A new report from American Atheists titled Reality Check: Being Nonreligious in America reveals high levels of discrimination and stigma for nonreligious people in general and notes that those who are LGBTQ have a disproportionate lack of family support.
"LGBTQ young people face significant family rejection that results in a greater rate of negative psychological outcomes," states the report, released Monday and based on the U.S. Secular Survey. "Similarly, nonreligious LGBTQ survey participants were more likely to have unsupportive parents. Among families that are aware of the participant's nonreligious identity, LGBTQ participants were significantly more likely to have had 'very' or 'somewhat' unsupportive parents (43.0%) compared to non-LGBTQ participants (34.9%)."

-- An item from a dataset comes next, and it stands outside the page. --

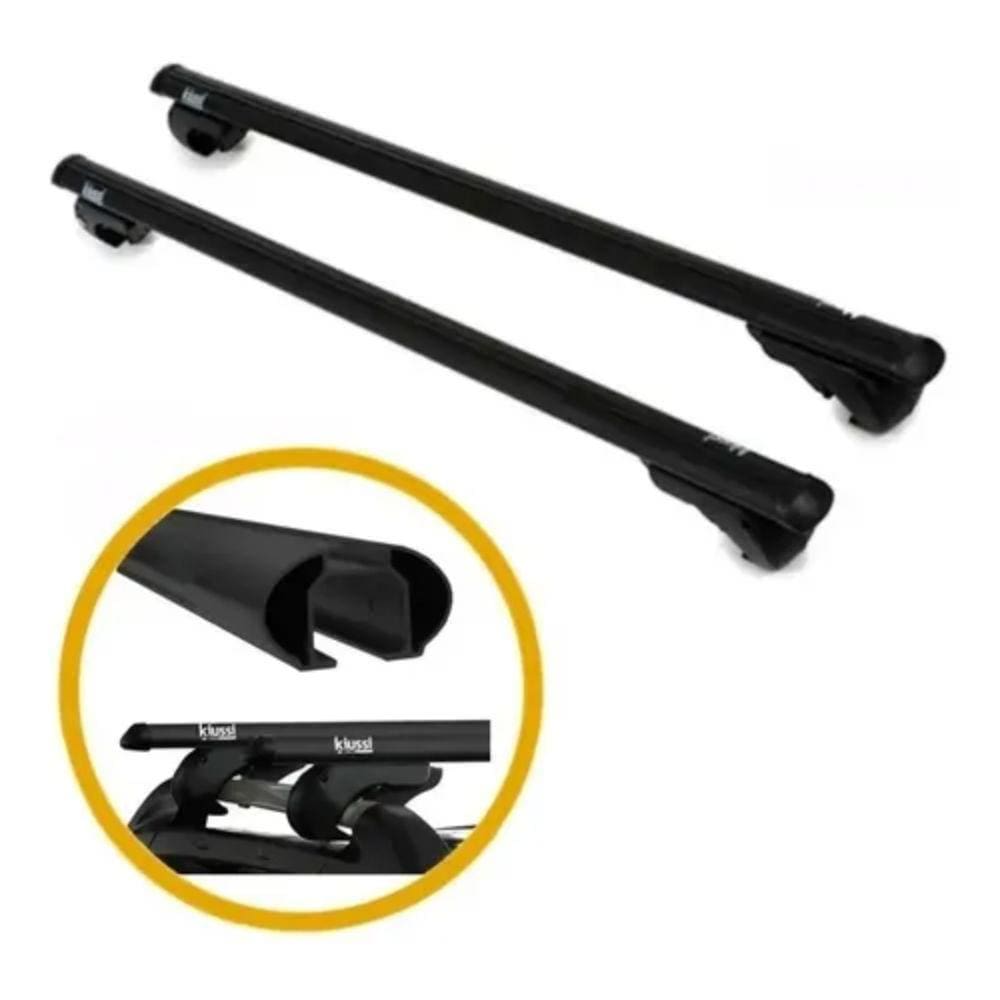 Rack de Teto para transbike e transporte em carro Belluno 1,20m Kiussi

These numbers are cause for concern, the report notes, because "participants with unsupportive parents had a 71.2% higher rate of likely depression than those with very supportive parents."
It doesn't get any better for nonreligious LGBTQ people outside the home, either, with 22 percent of those surveyed reporting negative experiences at work.

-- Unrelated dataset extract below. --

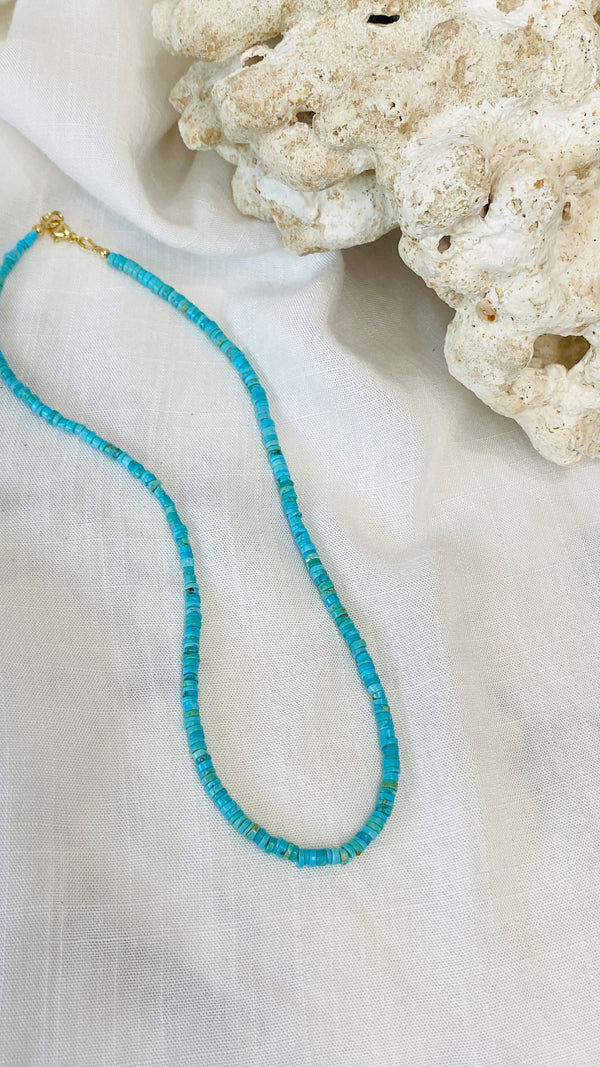 Turquoise Heishi necklace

"It's pretty significant that among LGBTQ people, about 50 percent are religiously unaffiliated," Alison Gill, vice president for legal and policy at American Atheists and a trans lesbian, toldThe Bay Area Reporter in a recent phone interview. "I think it's for a few different reasons: a lot of belief systems teach that being LGBTQ is wrong, and so that stigmatizes LGBTQ people. There's a lot of religious trauma as well. They may not be able to be comfortable associating with a religious group."
The LGBTQ community was overrepresented in the survey of nearly 34,000 people, making up 23 percent of all respondents. Trauma from past treatment by organized religion and its followers is one of the reasons for this, Gill said.
Many nonreligious LGBTQ people feel they must stay in the closet about their beliefs, she added. "There's rampant discrimination against nonreligious people that often results in concealment of their identities, even in less religious areas," she said. "The stigma increases as states get more religious."
The most religious states, according to the report, are those in the South plus Idaho and Utah, with those holding religious beliefs ranging from 47.9 percent to 80 percent of the population.